Items from a dataset
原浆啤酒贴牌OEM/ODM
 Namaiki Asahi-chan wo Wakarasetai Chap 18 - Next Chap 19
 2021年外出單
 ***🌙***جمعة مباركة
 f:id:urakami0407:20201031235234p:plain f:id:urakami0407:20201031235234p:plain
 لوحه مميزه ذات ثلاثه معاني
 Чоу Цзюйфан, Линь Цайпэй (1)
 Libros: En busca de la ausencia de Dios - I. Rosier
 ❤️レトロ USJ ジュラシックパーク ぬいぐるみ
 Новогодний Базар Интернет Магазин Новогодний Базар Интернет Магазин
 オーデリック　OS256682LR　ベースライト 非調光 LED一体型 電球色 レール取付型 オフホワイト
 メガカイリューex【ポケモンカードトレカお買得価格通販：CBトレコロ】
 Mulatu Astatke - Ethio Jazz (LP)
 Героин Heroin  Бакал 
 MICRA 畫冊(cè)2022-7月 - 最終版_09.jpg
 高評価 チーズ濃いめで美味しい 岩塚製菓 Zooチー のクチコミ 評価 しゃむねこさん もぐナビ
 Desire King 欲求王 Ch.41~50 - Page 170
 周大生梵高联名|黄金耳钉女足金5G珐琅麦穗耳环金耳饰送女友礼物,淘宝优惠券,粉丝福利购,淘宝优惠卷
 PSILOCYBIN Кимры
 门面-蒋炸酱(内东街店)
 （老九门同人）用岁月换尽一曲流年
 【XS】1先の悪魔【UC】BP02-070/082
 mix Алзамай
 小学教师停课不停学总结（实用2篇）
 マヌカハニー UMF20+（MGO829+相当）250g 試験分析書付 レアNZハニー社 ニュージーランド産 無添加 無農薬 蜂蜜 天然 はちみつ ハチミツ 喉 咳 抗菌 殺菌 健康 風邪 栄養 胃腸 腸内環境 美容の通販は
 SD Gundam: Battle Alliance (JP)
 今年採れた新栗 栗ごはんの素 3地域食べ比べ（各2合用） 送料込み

WORK REQUEST: Go through the data and return every record exactly.

SOLUTION FOR THIS EXERCISE:
原浆啤酒贴牌OEM/ODM
 Namaiki Asahi-chan wo Wakarasetai Chap 18 - Next Chap 19
 2021年外出單
 ***🌙***جمعة مباركة
 f:id:urakami0407:20201031235234p:plain f:id:urakami0407:20201031235234p:plain
 لوحه مميزه ذات ثلاثه معاني
 Чоу Цзюйфан, Линь Цайпэй (1)
 Libros: En busca de la ausencia de Dios - I. Rosier
 ❤️レトロ USJ ジュラシックパーク ぬいぐるみ
 Новогодний Базар Интернет Магазин Новогодний Базар Интернет Магазин
 オーデリック　OS256682LR　ベースライト 非調光 LED一体型 電球色 レール取付型 オフホワイト
 メガカイリューex【ポケモンカードトレカお買得価格通販：CBトレコロ】
 Mulatu Astatke - Ethio Jazz (LP)
 Героин Heroin  Бакал 
 MICRA 畫冊(cè)2022-7月 - 最終版_09.jpg
 高評価 チーズ濃いめで美味しい 岩塚製菓 Zooチー のクチコミ 評価 しゃむねこさん もぐナビ
 Desire King 欲求王 Ch.41~50 - Page 170
 周大生梵高联名|黄金耳钉女足金5G珐琅麦穗耳环金耳饰送女友礼物,淘宝优惠券,粉丝福利购,淘宝优惠卷
 PSILOCYBIN Кимры
 门面-蒋炸酱(内东街店)
 （老九门同人）用岁月换尽一曲流年
 【XS】1先の悪魔【UC】BP02-070/082
 mix Алзамай
 小学教师停课不停学总结（实用2篇）
 マヌカハニー UMF20+（MGO829+相当）250g 試験分析書付 レアNZハニー社 ニュージーランド産 無添加 無農薬 蜂蜜 天然 はちみつ ハチミツ 喉 咳 抗菌 殺菌 健康 風邪 栄養 胃腸 腸内環境 美容の通販は
 SD Gundam: Battle Alliance (JP)
 今年採れた新栗 栗ごはんの素 3地域食べ比べ（各2合用） 送料込み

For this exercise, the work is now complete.